#### YOUR GOAL:
Only the tail of the listing is wanted: the line containing "JOIVY Luxurious &" and all after it, repeated exactly, pictures omitted.

#### DATA FOR PROCESSING:
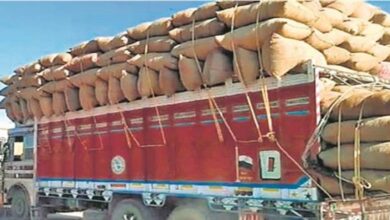 Photo of किसानों ने धान से भरे ट्रक किए काबू, बाहरी राज्य से हो रही थी सप्लाई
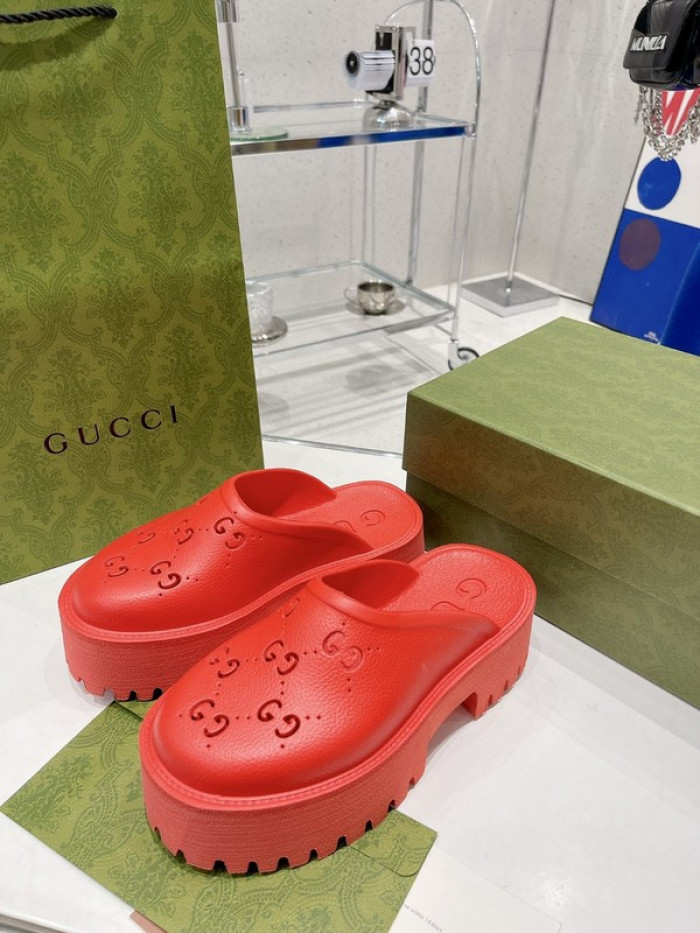 G DESIGNER SLIPPERS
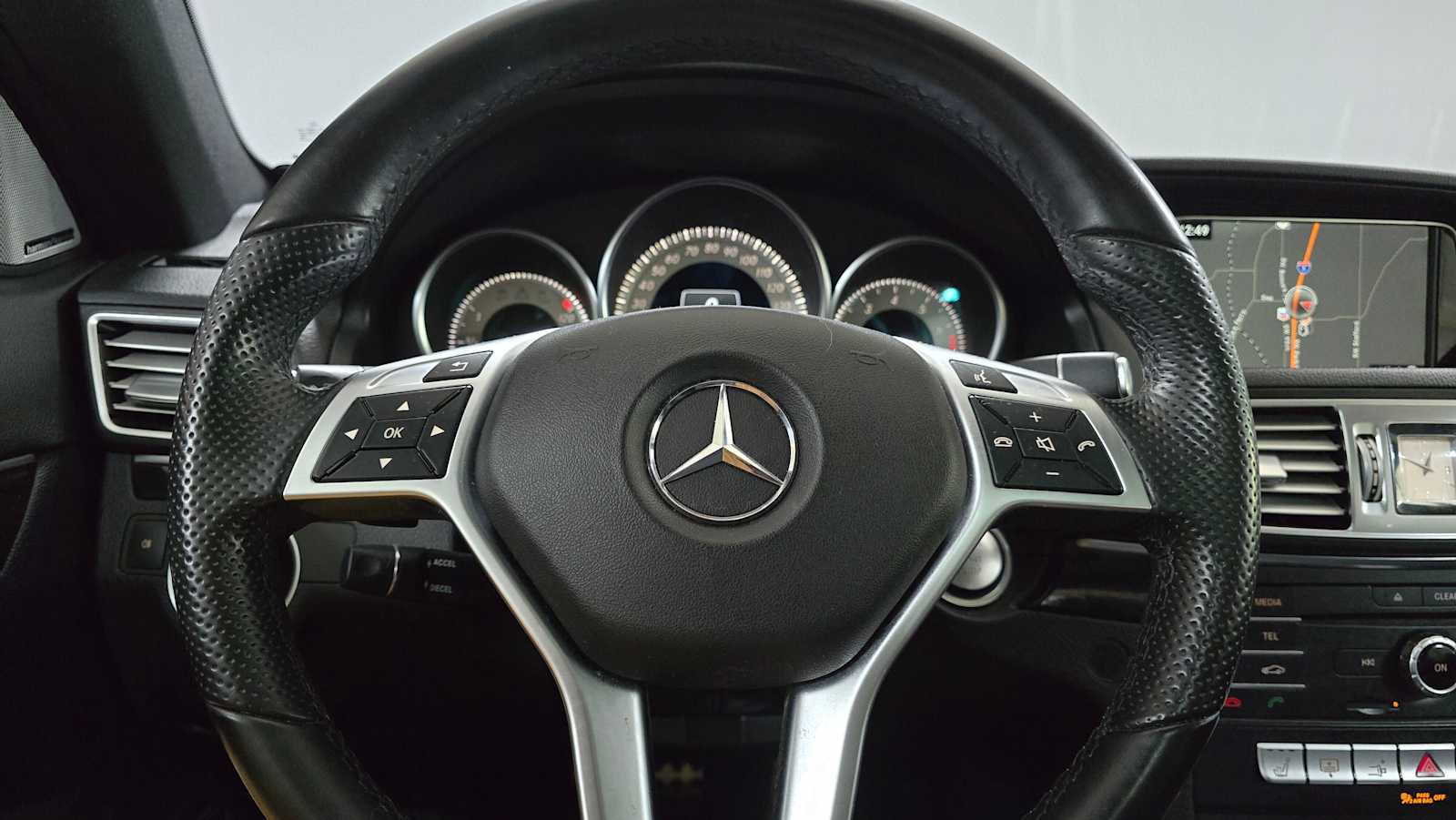 Used 2017 Mercedes-Benz E 400 4MATIC Coupe image 26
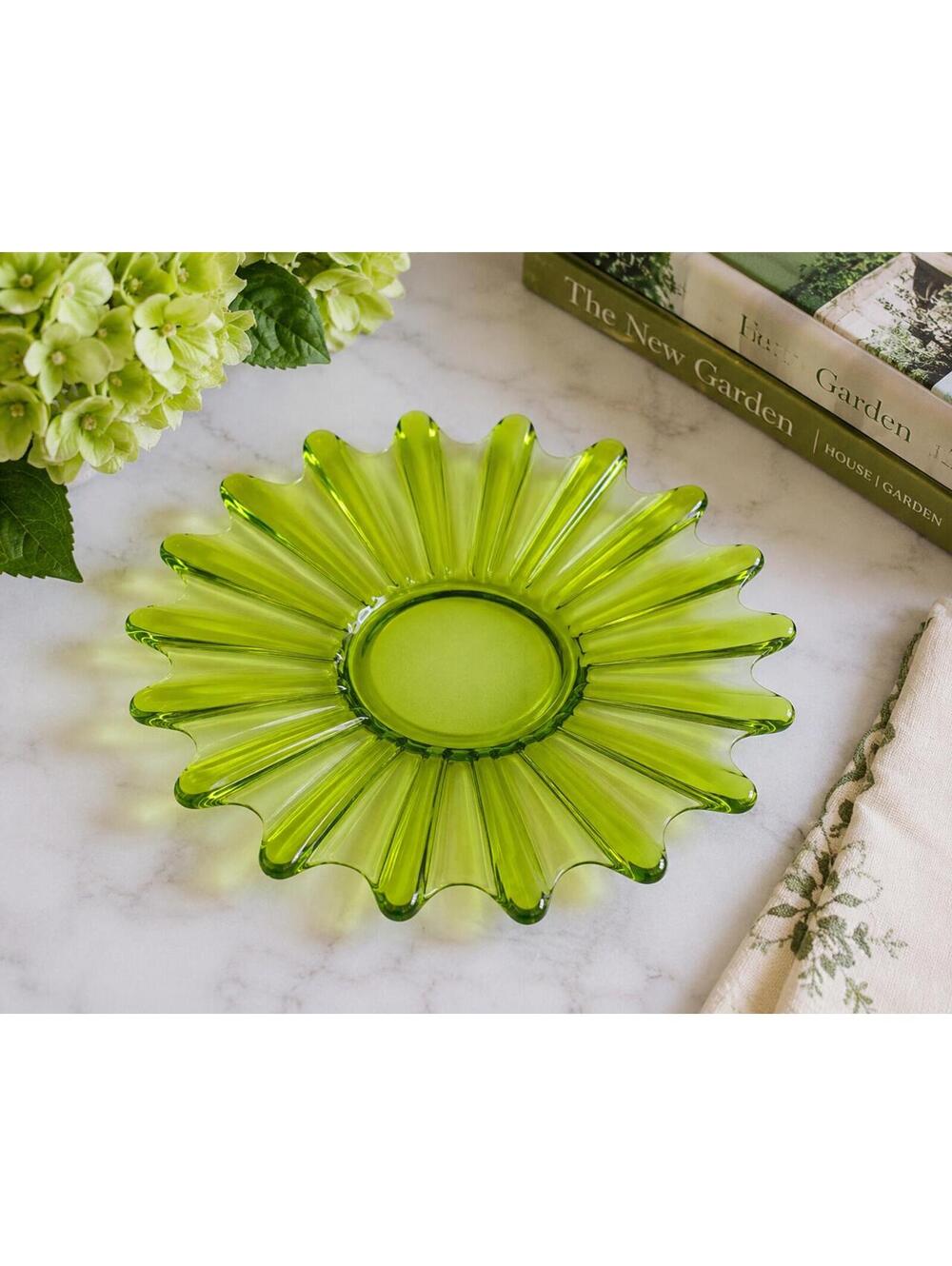 Vintage Federal Glass Celestial Limelight Green Starburst Plate 9" MCM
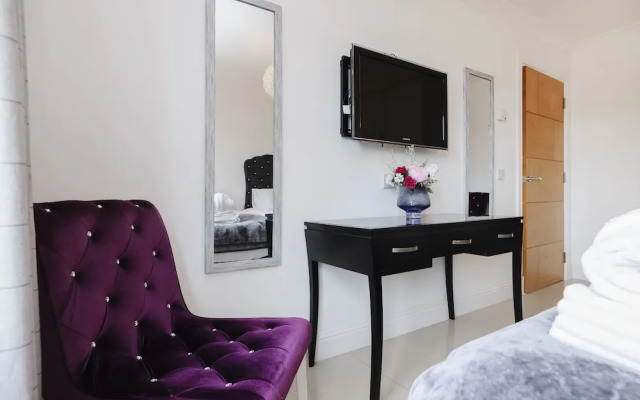 JOIVY Luxurious & Spacious 3Br House With A Hot Tub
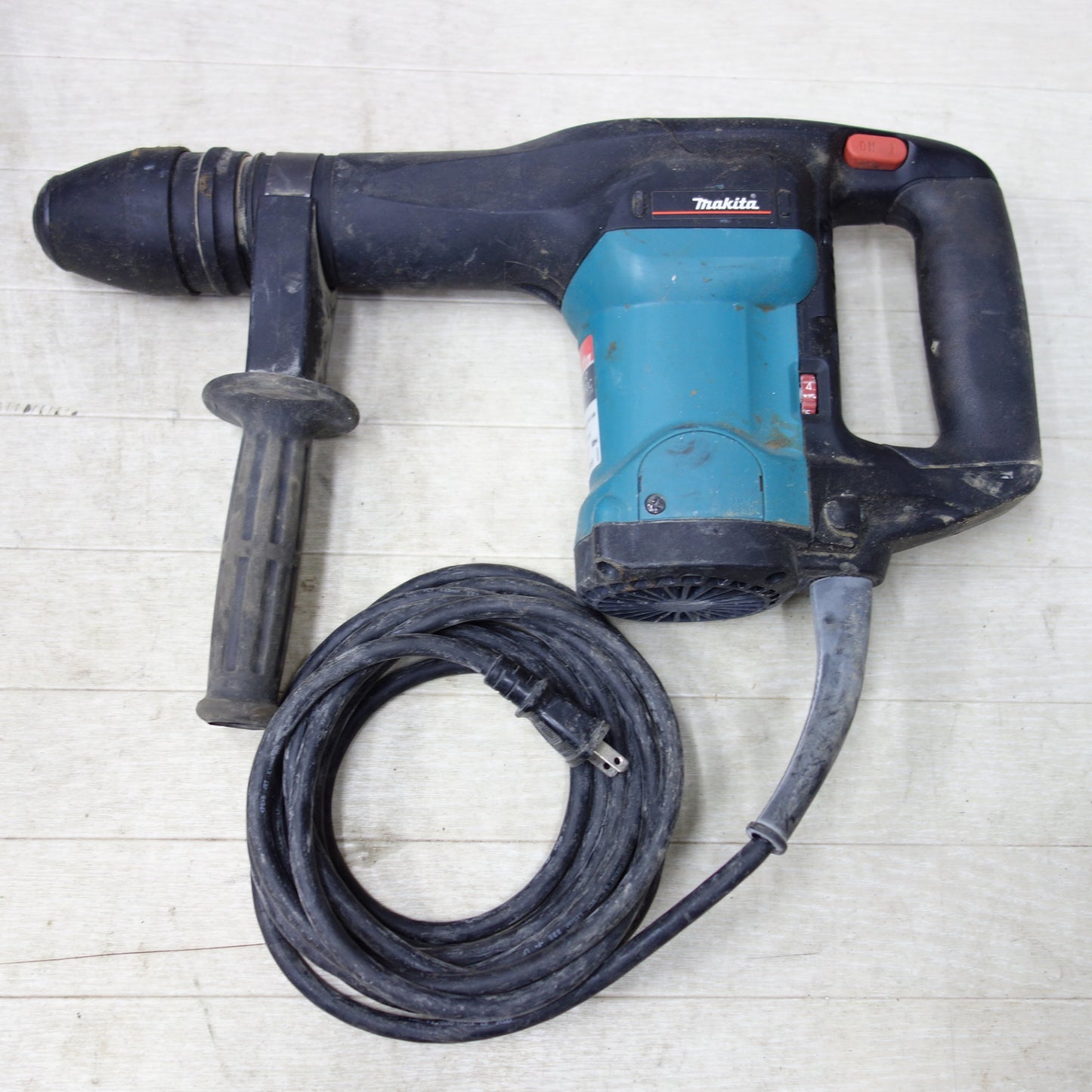 [送料無料] ◆makita マキタ 電動ハンマ HM0860C ハツリ 電動工具 100V◆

#### ANSWER SECTION:
 JOIVY Luxurious & Spacious 3Br House With A Hot Tub
 [送料無料] ◆makita マキタ 電動ハンマ HM0860C ハツリ 電動工具 100V◆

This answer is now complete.